Éstas fueron algunas de sus características:
- Legítima ambición por el poder. La primera característica del líder es desear el liderazgo y sentirse capacitado para él. La subida al trono de Isabel es un verdadero asalto al poder: triple victoria de la futura reina sobre el reino, sobre Portugal y hasta sobre las aspiraciones de su propio marido. Sus derechos a la Corona no eran evidentes. Aunque Enrique IV desheredó obligado a Juana la Beltraneja, él siempre la consideró como su hija legítima.
- Liderazgo en situación difícil. En la lucha por el poder entre nobleza y monarquía, la aristocracia castellana creada por las mercedes enriqueñas quería seguir controlando el Estado. en la Farsa de Ávila los nobles rebeldes depusieron a Enrique IV e instalaron en el trono a su hermano Alfonso, cuya temprana muerte les obligó a cambiar de planes. Aquí apareció para Isabel su esperanza al trono de Castilla.
- Aprovechar oportunidades respetando a la institución. Mediante el pacto de los Toros de Guisando, los nobles forzaron a Enrique IV a reconocer a Isabel como princesa heredera. Ésta demostró entonces un profundo sentido político. No se prestó, a diferencia de Alfonso, a cualquier acción contra Enrique, al que siguió respetando como titular de la Corona.
- Visión estratégica. Defensora de su lealtad a la Corona y de sus derechos al trono, Isabel supo preparar el futuro. Consideró el pacto de los Toros de Guisando como fundamento jurídico de sus derechos como princesa heredera y esperó pacientemente la muerte de su hermanastro para poder cumplir sus objetivos.
- Casamiento integrador y estratégico. Desde niña Isabel ya estaba comprometida con Fernando. Enrique IV quiso casarla con nobles castellanos y portugueses para alejarla del trono de Castilla. De todos se pudo evadir Isabel para casarse finalmente con Fernando, en secreto.
- Anticiparse, tomar decisiones y actuar. Isabel tenía todo pensado desde mucho tiempo atrás. Al morir Enrique IV, no pierde ni un solo día y prepara una ceremonia sencilla y espectacular destinada a crear una situación irreversible. En Segovia, se alzan pendones por Isabel, reina, y don Fernando, su legítimo marido.
- Llevar la iniciativa. Su proclamación cogió a todos desprevenidos, incluso al mismo Fernando, reducido a la situación de rey consorte. Isabel creaba una situación nueva, con una política de hechos consumados: reconocer el nuevo poder u oponerse a él, sin término medio.
- Flexibilidad y ejercicio del poder. La autoproclamación suscitaba una triple oposición: la de Fernando, como rey consorte; la de los nobles, opuestos al poder real; y la de Portugal, contrario a un bloque hegemónico Castilla-Aragón. Isabel tuvo que negociar con su marido, enfrentarse a una guerra civil y rechazar la invasión de las tropas portuguesas.
- El yugo y las flechas: Tanto monta. El Acuerdo firmado en Segovia muestra tanto la energía de Isabel como la inteligencia política de ambos monarcas. Todas las decisiones tomadas durante el reinado fueron a nombre de ambos. Las iniciales de sus nombres (el yugo y las flechas) se encuentran grabadas en monedas, libros, documentos y edificios.

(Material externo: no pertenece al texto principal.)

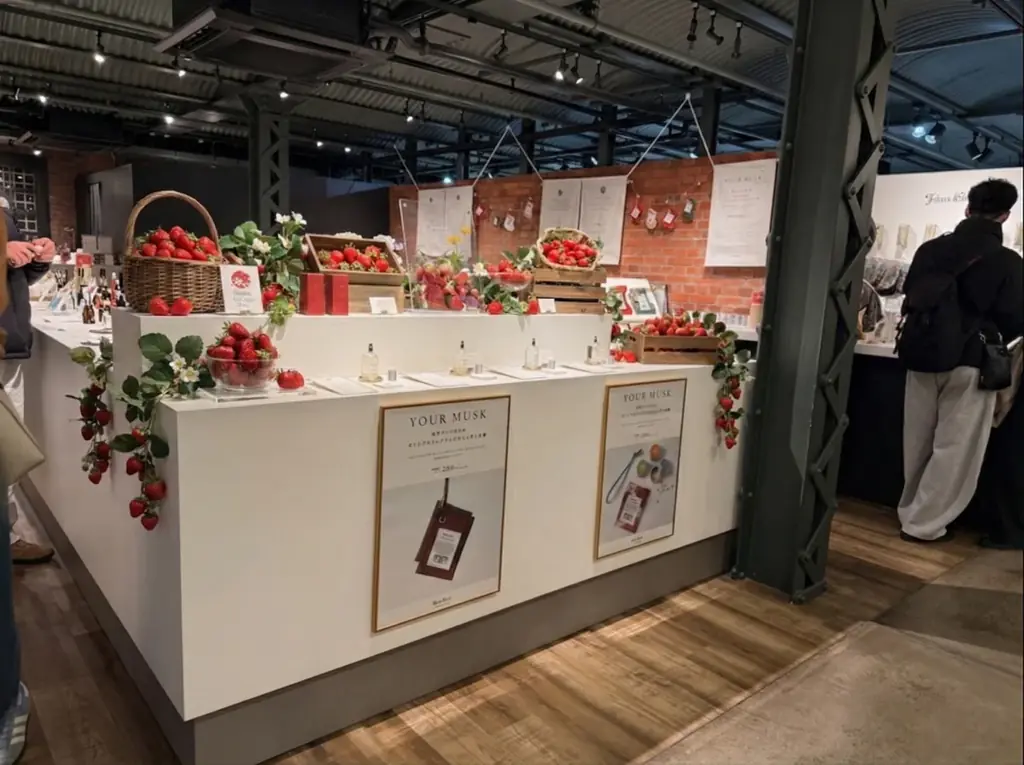 “香り”でいちごの記憶をデザインする。YOUR MUSK 横浜赤レンガ倉庫店にて、心まで甘く整う没入型イベント『いちごの祭典』を期間限定開催 画像 6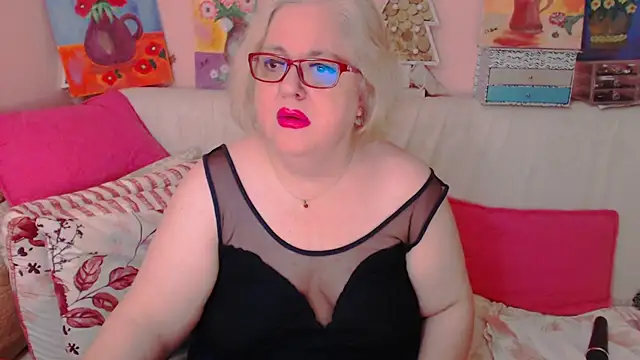 Snapshot of Maturelove_xxx chatting on 06-12-26, 07:02 Maturelove xxx online show from 06-12-26, 07:02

En el reinado de Isabel y Fernando, como en el de todo gran líder, hay un antes y un después: se culmina en algo muy superior a lo que se empieza. El ciclo abierto en 711 con la invasión musulmana se cierra en 1492 con la conquista de Granada y el descubrimiento de América. Se prepara el Siglo de Oro y la preponderancia española en Europa.
El liderazgo excelente reside, sin duda, tanto en mujeres como en hombres. Pero el de Isabel y el de Fernando, alineados, transformaron el mundo de entonces.